Now open a second query window and run this:
USE isolocktest
go
UPDATE sometable SET name = 'Paris' WHERE id = 7
UPDATE sometable SET name = 'Madrid' WHERE id = 6
go
USE tempdb
This script will hang on the second UPDATE statement, as it is being blocked by the REPEATABLEREAD hint, which is implemented with a shared lock.
Now go back to the first window and run:
SELECT name FROM sometable WHERE id = 6
SELECT name FROM sometable WHERE id = 7
go
COMMIT TRANSACTION
The output is sysclones and Paris.
Thus, we can see that READ COMMITTED applies the row with id = 7, since we now see the new value. And, it seems that because we applied REPEATABLE READ, this isolation level applies to id = 6, as we still see the old value.

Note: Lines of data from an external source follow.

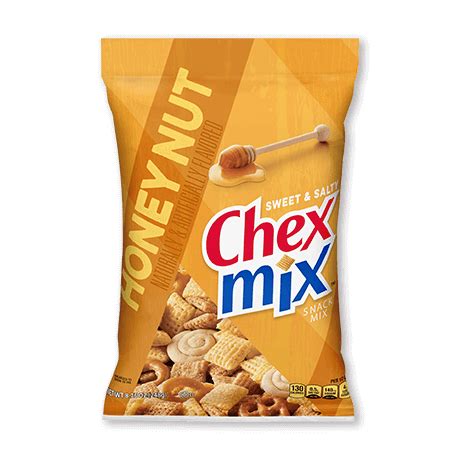 honey-nut-chex-mix image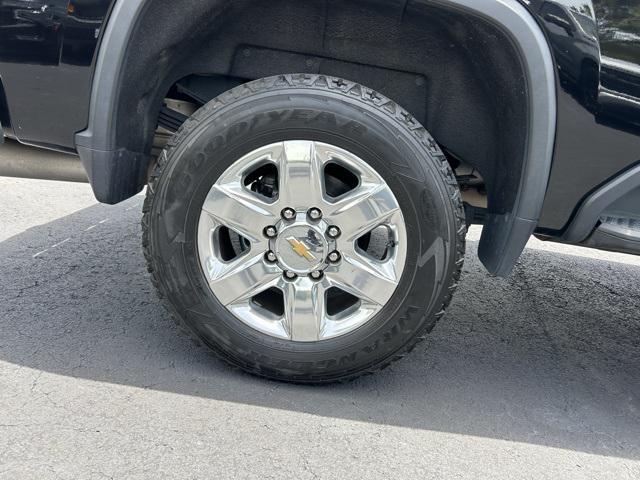 used 2022 Chevrolet Silverado 3500 car, priced at $57,469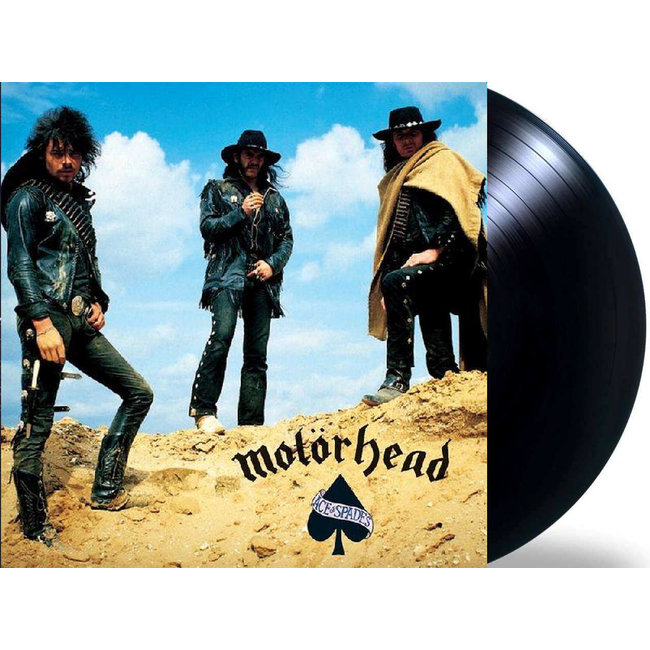 Motorhead Ace of Spades (180g vinyl LP )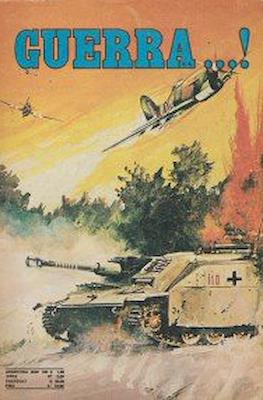 Guerra...! #124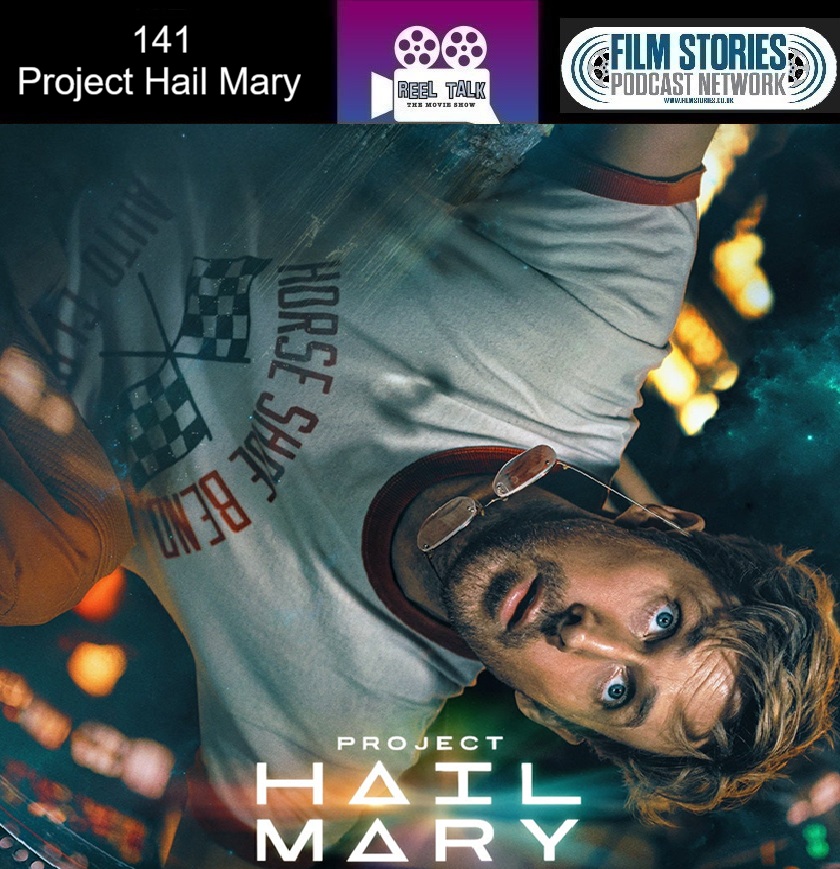 Project Hail Mary (Episode 141)
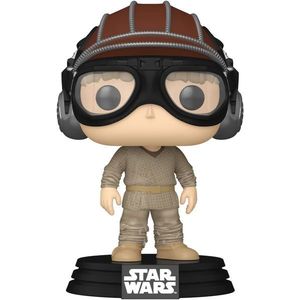 Figurina - Pop! Star Wars: Anakin Skywalker (with Helmet) | Funko imagine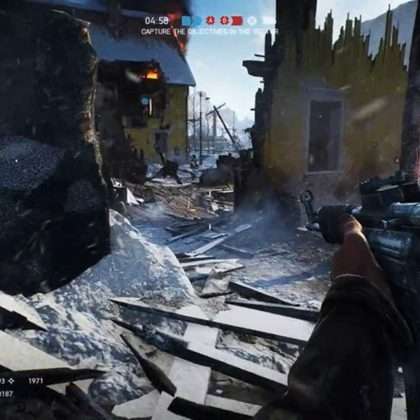 Battlefield V Closed Alpha #2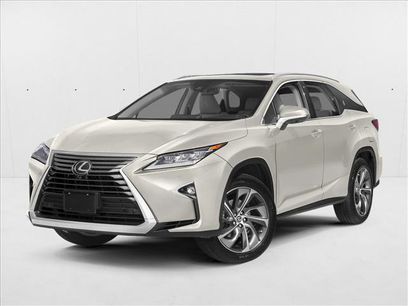 Used 2018 Lexus RX 350L w/ Premium Package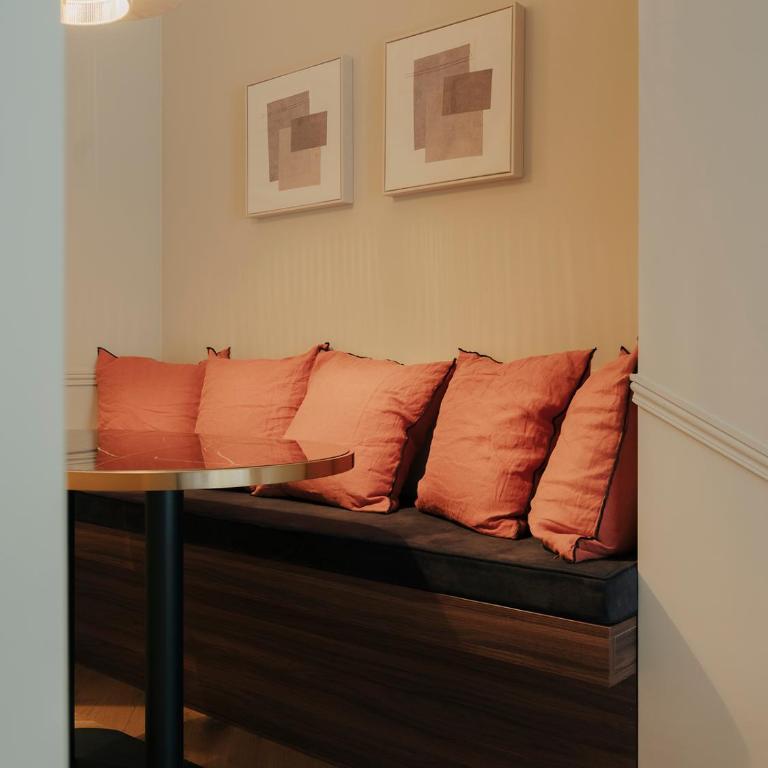 Maison du Moulin Vert - Chambre Deluxe - 8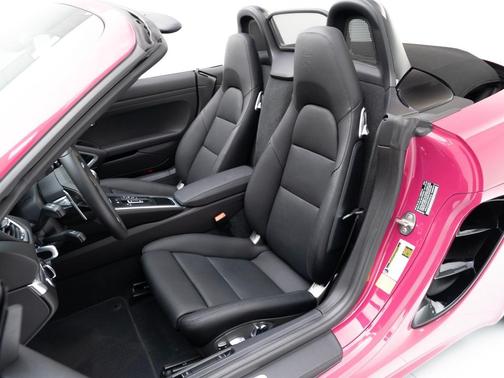 2024 Porsche 718 Boxster 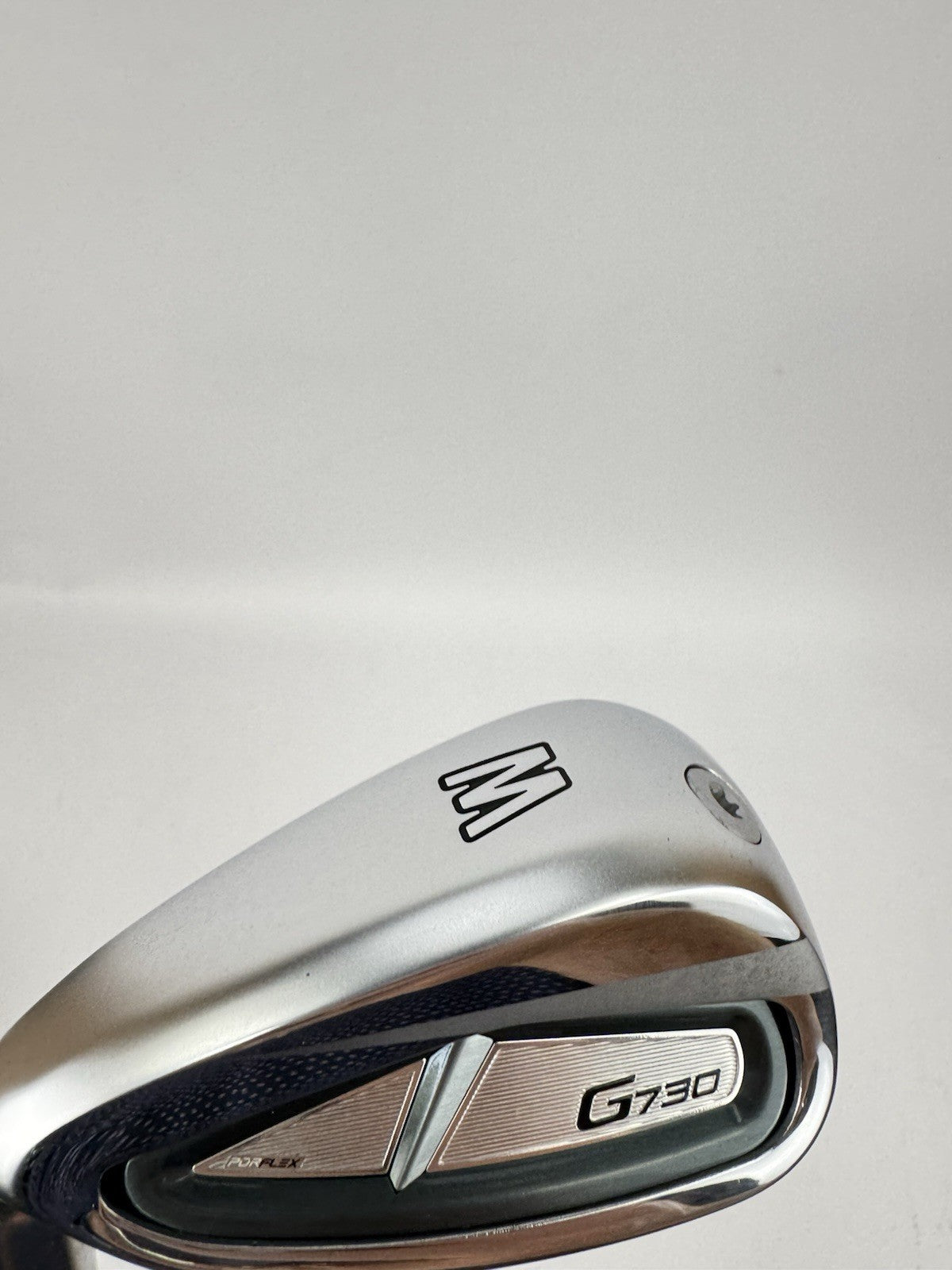 Ping G730 Pitching Wedge Left Handed Black Dot Elevate MPH Regular Steel /362474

But this is not really the case. This is only an artefact of the locking applied. Because of the lock, the other process was stalled, and could not perform its update until the other process had committed.
But imagine that REPEATABLE READ had been implemented by reading from the version store, just like READ COMMITTED might be. In this case, the UPDATE process would not have been blocked. And in this case the second read of id = 6 would have returned Madrid, since the second read of this row is performed under the isolation level READ COMMITTED.